Cases of corruption and revolution are the norms in the history of Kyrgyzstan as it was seen in the history of the country. On March 24th, 2005, President Akayev deserted his post shortly after the Tulip Revolution that began after the parliamentary elections of February 27th and March 13th, 2005. The revolution was as a result of alleged corruption and authoritarianism of Akayev, his families, and his supporters.  The outing of Akayev led to the succession of President Kurmanbek Bakiyev who was the acting president. President Kurmanbek Bakiev switched his beam light on the activities of the past president.

In mid-April, President Kurmanbek created a commission to investigate the assets and properties related to the Akayev families, and the commission was headed by the Deputy Prime minister Daniyar Usenov.

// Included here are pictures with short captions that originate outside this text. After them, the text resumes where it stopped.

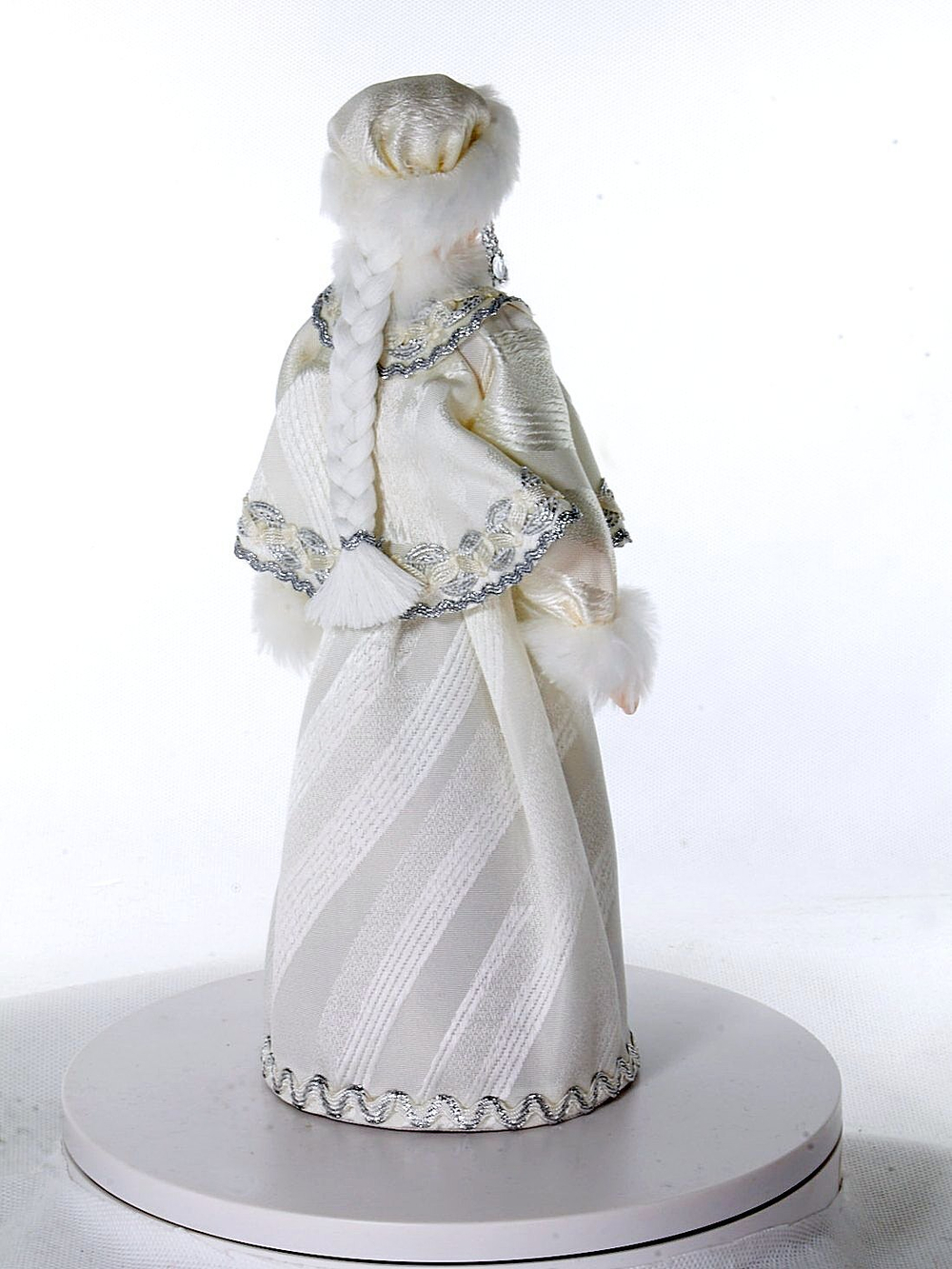 Фарфоровая кукла коллекционная Снегурочка в белой шубе. Новогодняя игрушка под ёлку ручной работы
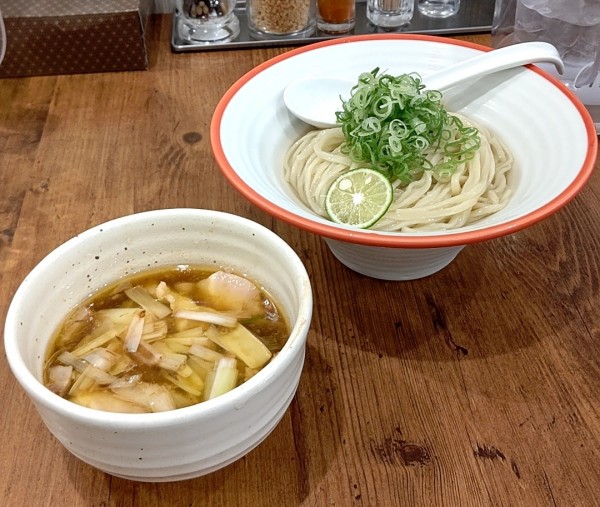 「限定 焼きネギの昆布水つけ麺1000円」@麺宿 志いなの写真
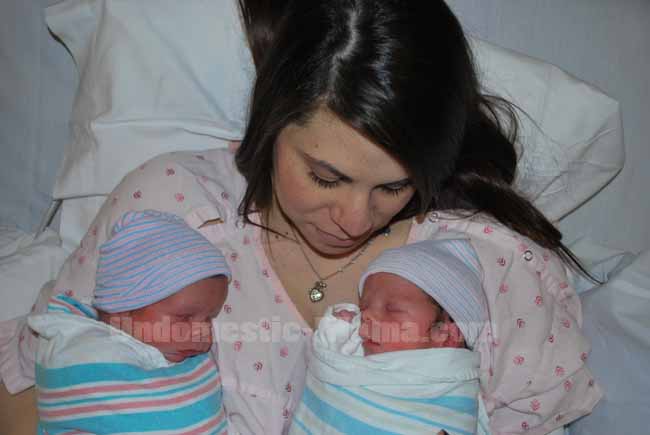 Breastfeeding Twins Nurse Loves Farmer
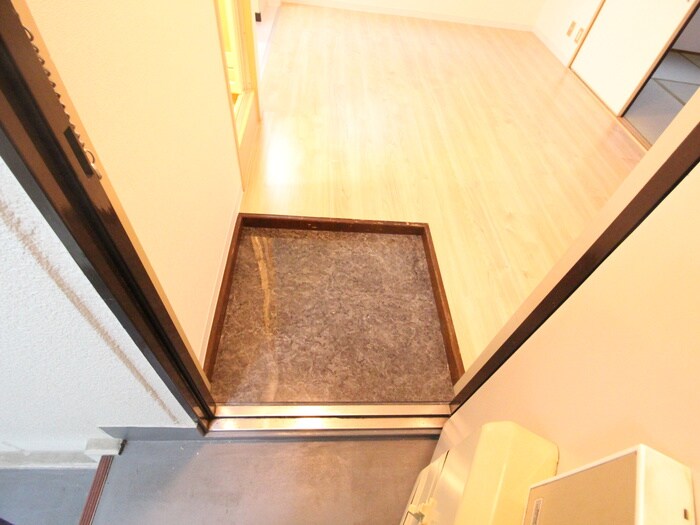 物件内観写真13　(玄関)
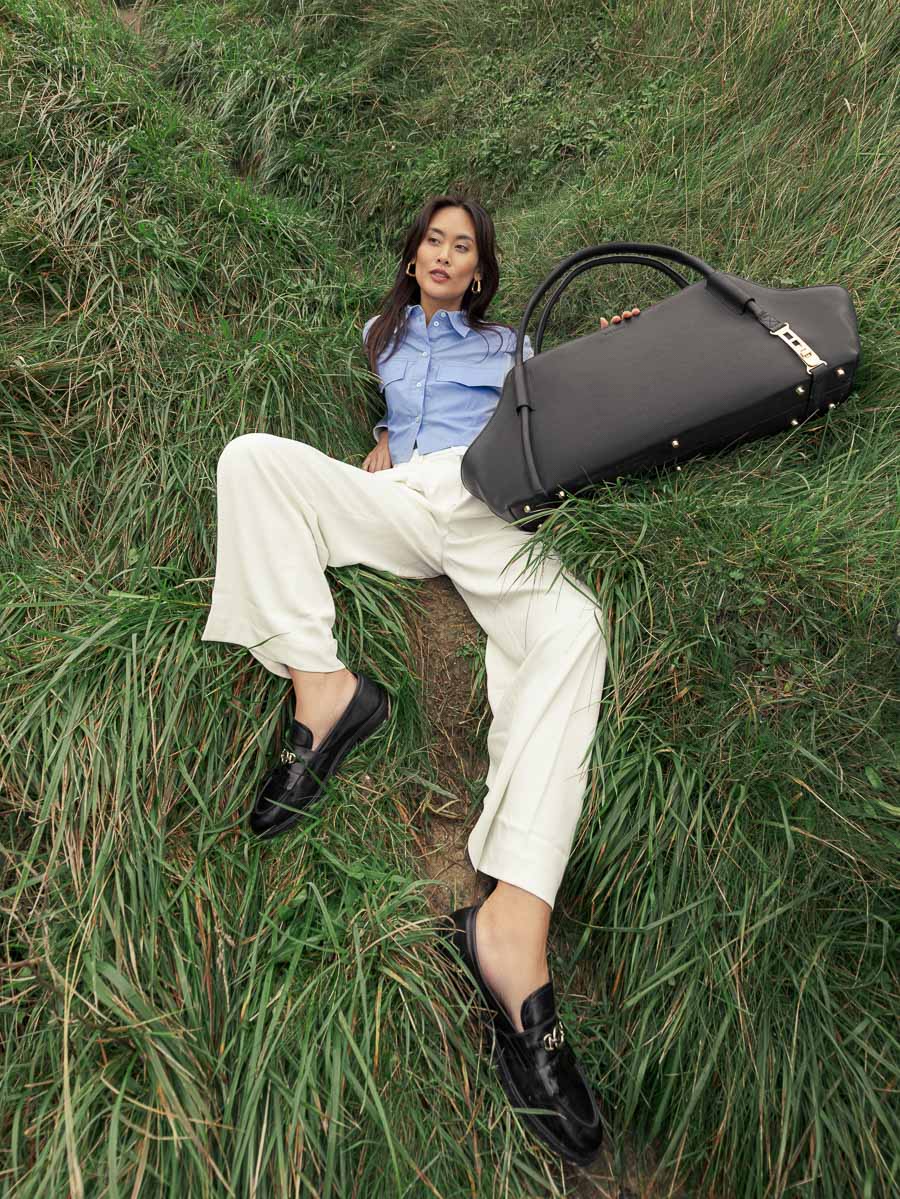 travel-bag-romeo-ultra-long-soft-black-ambient-view-w48l-bm-b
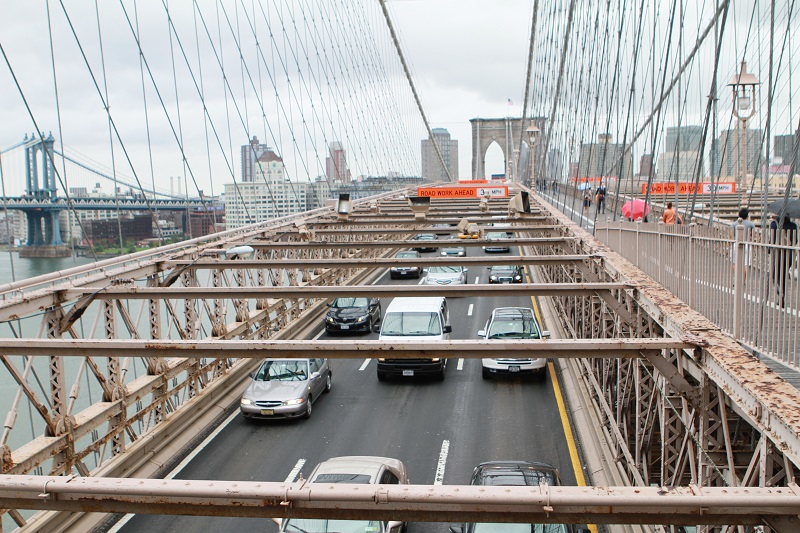 Carros na ponte Brooklyn Bridge em Nova York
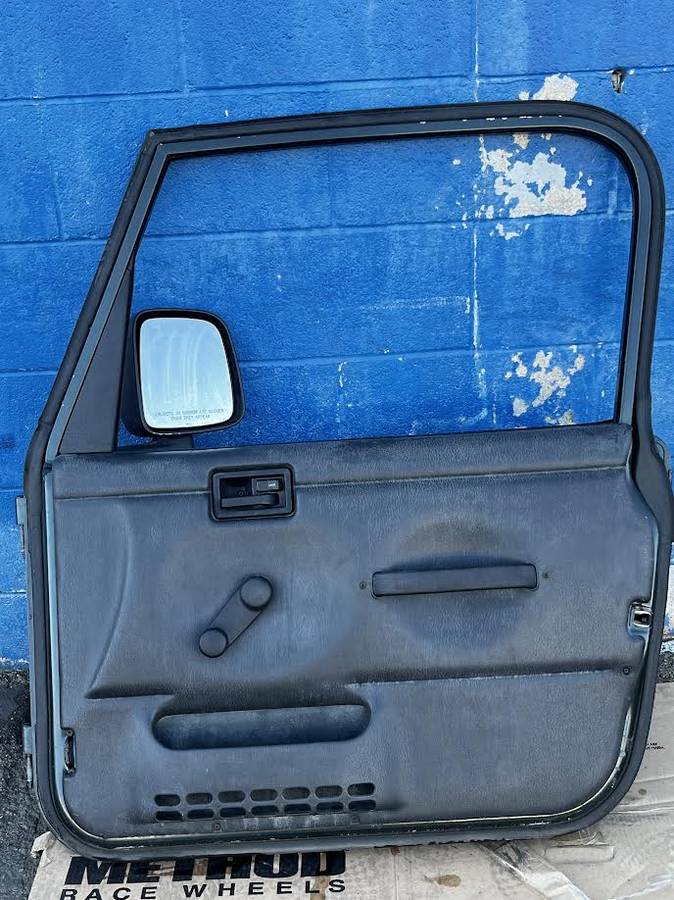 1997-2006 Jeep Wrangler TJ Factory Passenger Door (Green) - $600 (Montclair)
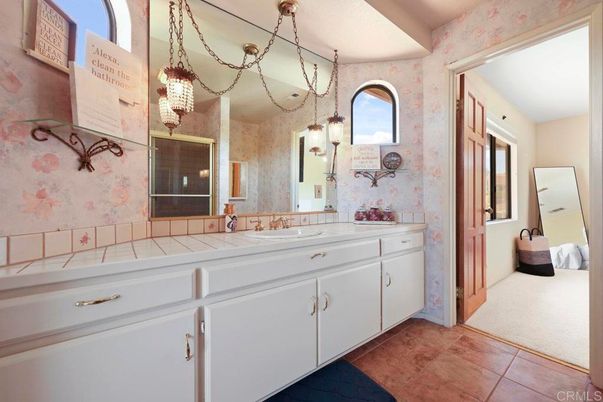 Bathroom, Interior, Pendant Lights, Tile Countertops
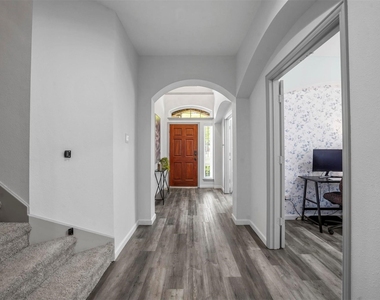 4924 Obrien Way - Photo Thumbnail 3
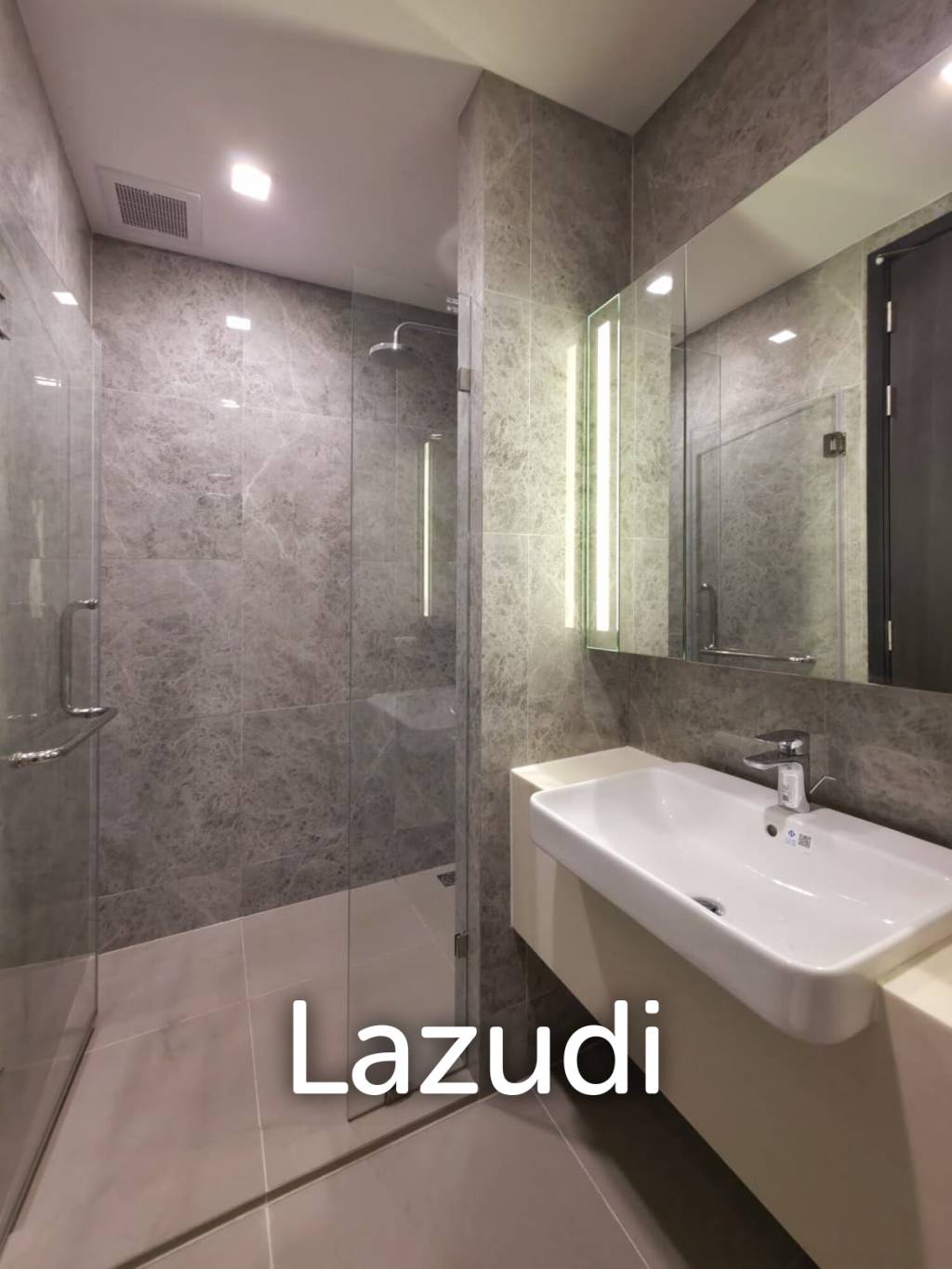 35 sqm 1 Bedroom Condo on 15th Floor at Noble Around Ari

The commission announced tentative lists of 42 businesses to be checked for the ties of Akayev clan and also, he made it known that the commission will also investigate the money transfer through offshore routes.

On 27th of April, during a press conference to discuss the efforts of the commission, the commission declared that it was difficult for it to determine who controlled many of the companies on the lists and the actions of the commission to link corruption ended in Usenov saying that the focus on corruption should be on future compliance rather than past wrongdoing. He further said, “we are not asking about what happened yesterday, otherwise – we will have to put half the country in jail.”

Just as in the case of Akaev, President Bakiyev was forced to flee the country to the city of Osh as a result of corruption which was linked to his administration.  During the tenure of Bakiyev, he appointed his son, Maxim Bakiev into the national development agencies and it was alleged that Maxim placed $35 million from a $300 million loan from Russia into his private account.

One expert while speaking about the riot that led Bakiyev out of office said the government had triggered the protests by imposing punitive increases on tariffs for water and gas.

Just like Akayiev, Bakiyev was also dethroned with the same cases of corruption.

Environment and Development

The Environmental Performance Index of 2012 positioned Kyrgyzstan on 101st rank which takes them ahead of all Central Asia Countries; this may be likely linked to the national development plan of the country whose overall goal is to protect the environment and make it favorable for living in a context of economic growth.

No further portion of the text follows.